LE DÉFI DE L'IMMIGRATION

LE DEFI DE L'IMMIGRATION 

Thèmes de la conférence pastorale du 21 octobre 2010 : les communautés étrangères et les églises installées partagent la même foi, souvent les mêmes lieux de culte ; après deux générations, qu'en est-il des influences réciproques ?

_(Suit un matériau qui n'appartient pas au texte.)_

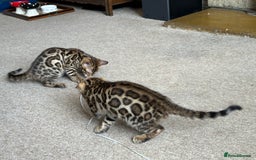 Bengal cats for sale: TICA registered bengal kittens!🐱 - Image 30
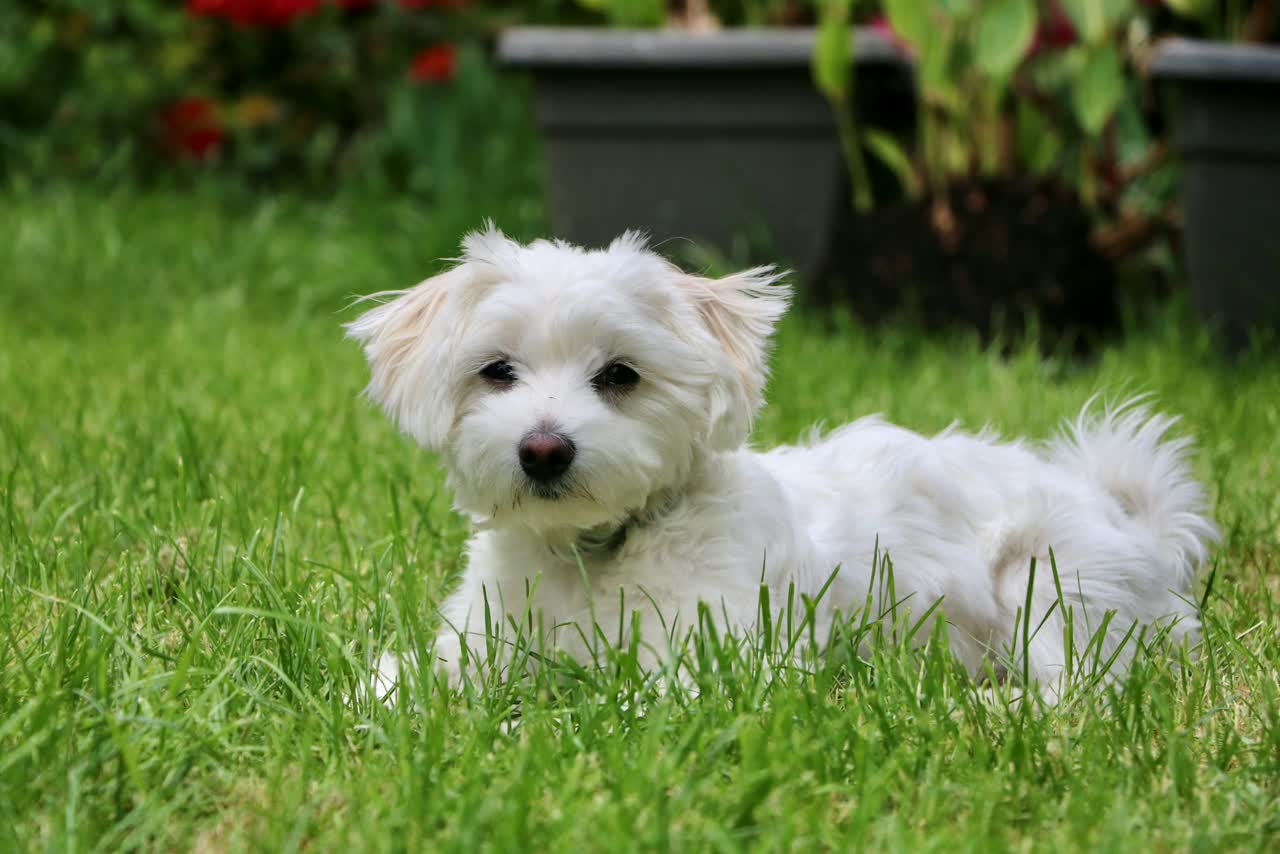 Witte maltezer ligt in het gras van een tuin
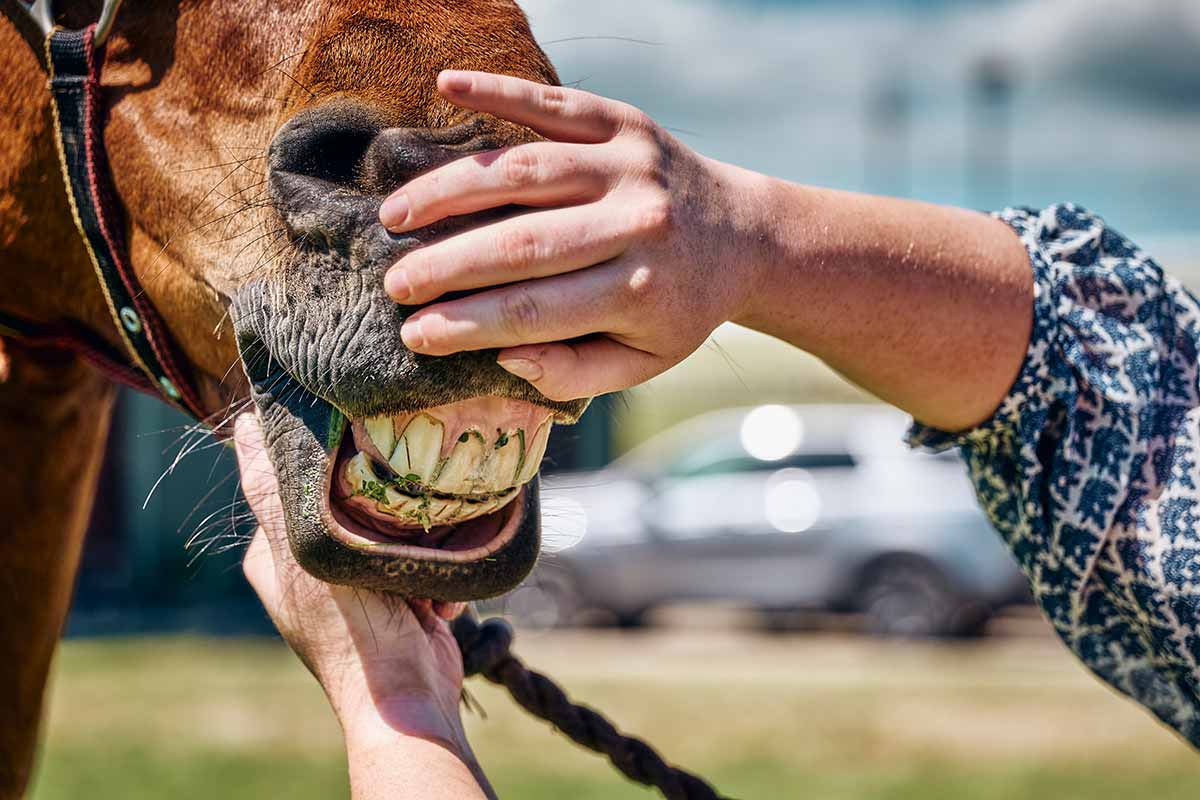 how-to-check-your-horse-is-dehydrated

L'avenir est dans la mixité
     Majagira Bulangalire, président de la CEAF, Communauté des Églises d'Expressions africaines en France, parle net, assène de bonnes formules. Les Africains sont venus en France par vagues ; avec chaque vague, la culture a changé. Il y a trente ans, on parlait d'assimilation ; maintenant, on parle d'intégration, de coopération.
    La mission consiste à agir ensemble pour que l'Evangile puisse toucher plus de personnes. L'église est un lieu de transformation, c'est le lieu d'une réalité en mouvement qui appelle à créer du nouveau. La vraie culture se développe dans les banlieues avec des gens d'origines très différentes : d'une mosaïque de cultures naît une autre culture.

Au quotidien
    Quatre ateliers - animés par Marianne Ouattara-Guéroult, Jean-Claude Dibundu, Jean-Luc Blanc et Emil Lazar - ont apporté du vécu à cette mixité. Entre une communauté ethnique et l'église qui lui loue une salle, il y a toujours un rapport de force. La communauté ethnique est nécessaire, elle doit organiser en même temps le culte et la catéchète des enfants puis rapidement, rejoindre une fédération ayant des bases françaises.
    Comment peut-on se rencontrer ? sur des intentions de prière portées par toute la communauté, sur la musique, essentielle à toute culture, en créant une chorale : va-t-on chanter du Bach avec     une touche africaine ? faire du patchwork ? Comment s'enrichir l'un l'autre sans se trahir ?

 Les flux migratoires
    Catherine de Wenden, politologue, chercheuse au CNRS, a dressé le tableau de la mobilité à l'échelle du monde. Chiffres impressionnants : 740 millions de personnes concernées, le tiers des migrations se fait du sud vers le nord, l'Europe reçoit plus de migrants en un an que le reste du monde...
    On migre à cause d'une forte natalité, à cause de catastrophes naturelles d'événements politiques. Et parce qu'on refuse de vivre dans un pays pauvre et gouverné par la corruption : la mobilité est une revendication alors que deux habitants du monde sur trois ne peuvent pas se déplacer librement. Les politiques n'ont pas vu venir le changement. L'argent envoyé par les migrants permet sur place de mieux vivre :les transferts de fonds représentent 328 milliards de dollars à l'échelle mondiale... A suivre sur le site www.ined

    L'ambiance de cette pastorale était amicale et consciente : différents mais unis dans l'Église du Christ, on se voyait par les yeux des autres. Comme l'a dit Majagira Bulangalire : L'autre est frère et sœur ; je dois recevoir comme je dois donner.